When state Rep. Ronald Reynolds called a community meeting to discuss changing the way the Fort Bend Independent School District governs, he only heard from two school trustees.
That lack of interest in other viewpoints, said Reynolds, is a telling example of why there needs to be single-member districts.
“The only one here was African-American. Why weren’t the others here? These are all their constituents here. That doesn’t say they are open to listening to other ideas. This is not a racial issue, it’s about equity,” Reynolds said after the meeting.
On Monday, Fort Bend ISD Board of Trustees President Kristin Tassin told the Fort Bend Star that it would violate the state’s open meeting laws for a majority of the board to attend such a meeting. She also said that she and several other board members had scheduling conflicts with the meeting time.
“I have personally met twice with Representative Reynolds on that, so it’s really not accurate to say he’s only heard from two board members,” Tassin said.
She said the board’s position has been made clear that they would consider single-member districts if the community presented a petition to have it on the ballot for a vote. So far that has not happened.

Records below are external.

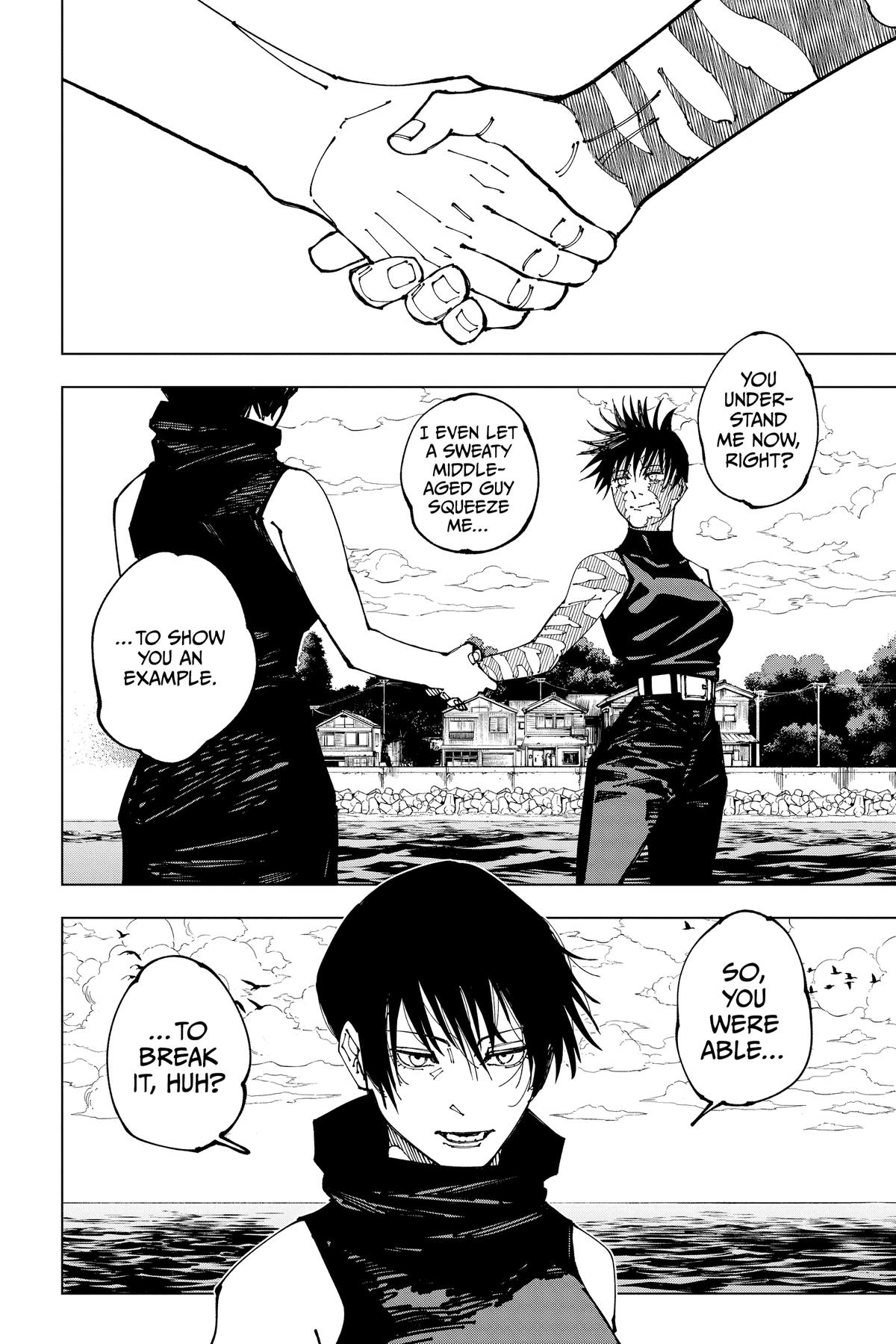 Jujutsu Kaisen Manga Chapter 198 page 11 - Sakurajima Colony, Part 8 scene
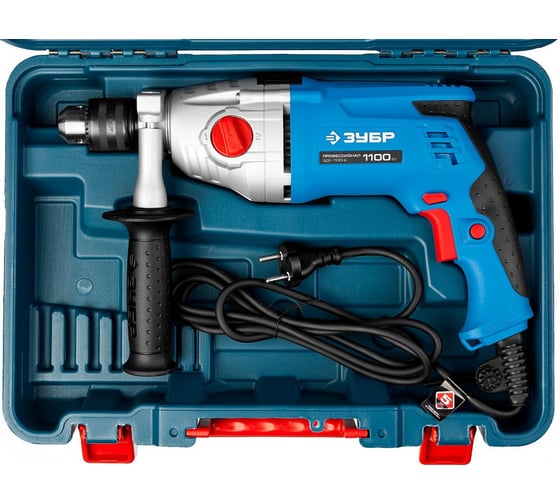 Ударная дрель Зубр ЗДУ-1100-2 ЭРМКМ2, 1100 Вт детальное изображение - 14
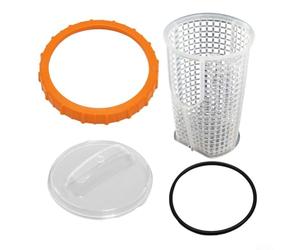 Kit de filtre à sable de piscine P07019 Couvercle P6562 Panier P07018 Joint d'écrou compatible avec Bestway-58486 58497 58499 Pièces de rechange ABS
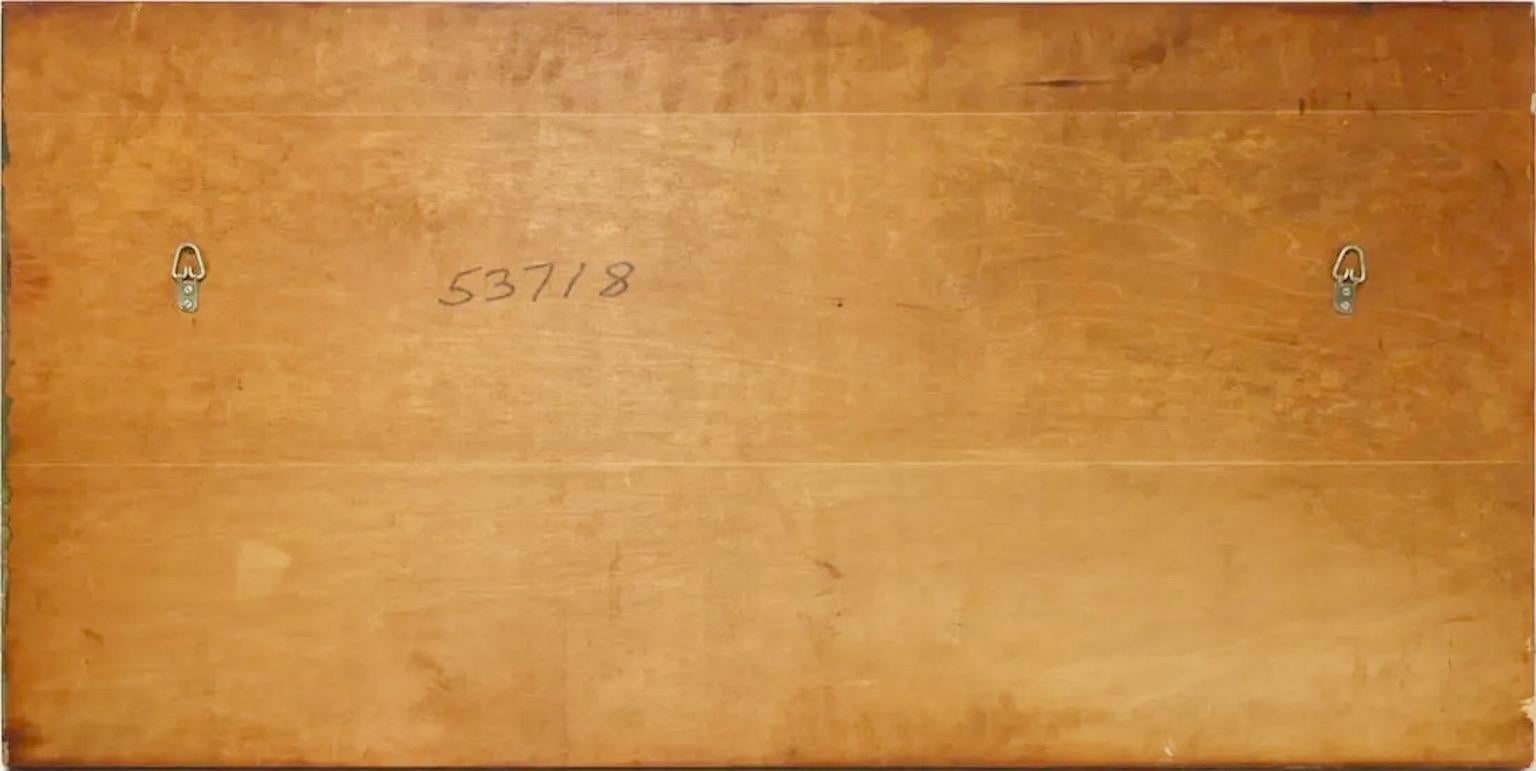 Harris Strong Ceramic Tile Skyline of New York on Walnut For Sale 1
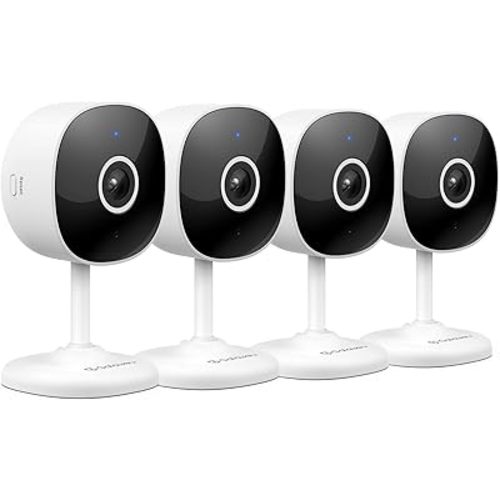 Indoor Cameras for Home Security 2K, Galayou Wireless Baby Monitor with Two-Way Audio, WiFi Cameras with APP for Phone, Smart Siren, Works with Alexa/Google Home(G7-4PACK)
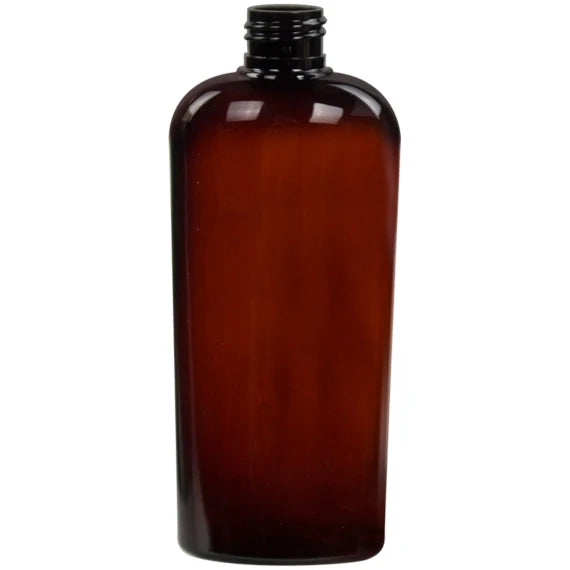 Amber Gradient Oval PET Bottle - 8 oz (12 Pack) Science & Laboratory Pasteur Pharmacy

FBISD Trustee Addie Heyliger, who is black and lives in Fresno, attended the session and the board’s only other racial minority, KP George, who also supports single-member districts, said he had a prior engagement. The seven-member FBISD school board is predominately white. The district is the most racially and ethnically diverse in the nation, said Reynolds.
“You look at the demographics. The district is majority minority but that diversity is not reflected on the board,” Reynolds said.
At issue, said Vanesia Johnson, is representation and buy-in from all trustees. Johnson, a former FBISD candidate who sat on the panel, said the school board has resisted single-member district because they do not want conflict among board members.
“But the last thing I want is a kumbaya board. I want intense dialogue about discrepancies and disparities in our schools. But I hear, that’s not our problem, call Addie, call the Texas School Board Association. We have a system that doesn’t make you accountable and accessible. It’s systemically designed that way,” said Johnson.
Realtor and panelist Tremaine Chatman echoed those concerns.
“I lived in Alief over 10 years, very diverse schools. Not too many schools are lacking. But in Fort Bend, on the east side, every school is lacking. Willowridge has mold problems, other elementaries with mold problems. You look on the west side, they are not having issues. It’s a big issue when you don’t have somebody represent you in your area,” Chatman said.
The meeting, held on the HCC Missouri City campus, attracted politicians pursuing votes in the upcoming May election and community residents concerned about their schools.
More important than single-member districts, said panelist the Rev. David Sincere, is the importance of a platform for candidates running and failing schools within the FBISD.
“We are in the middle of an academic crisis on the east side of Fort Bend County,” Sincere said.
He was referring to reports showing that 60 percent of students in the Willow Ridge feeder are not reading at an appropriate level.
“When we talk about single-member districts, we have to take some responsibility for what’s happening to these kids in the district in terms of being parents, community leaders, pastors and all the above. If these kids cannot read, they don’t have a future,” Sincere said.
“We need to fight for these kids,” he added.
The meeting was organized by Reynolds and the Rise Up for Representation Community Forum. The Rise Up for Representation Community Forum is a coalition of organizations including ACLU Texas, the Alpha Phi Alpha Fraternity – Fort Bend Chapter, Citizens Advocation for Social Equality (CASE), the Fort Bend CAN (Community Action Network), Fort Bend Employee Federation, Fort Bend Super Neighborhood 41, League of Women Voters Fort Bend, GATEKEEPERS and the NAACP Missouri City and vicinity.
Members left feeling excited about the possibilities.
“It’s gonna take a plan,” said Johnson. “Rise is about mobilizing the community for action. If we do have a problem, who can we go to when only two people adequately respond to us?”
Reynolds said he was pleased with the meeting.
“This was a good representation of the district and they really want to see us move toward a single member or a hybrid of a single member and an at-large,” said Reynolds.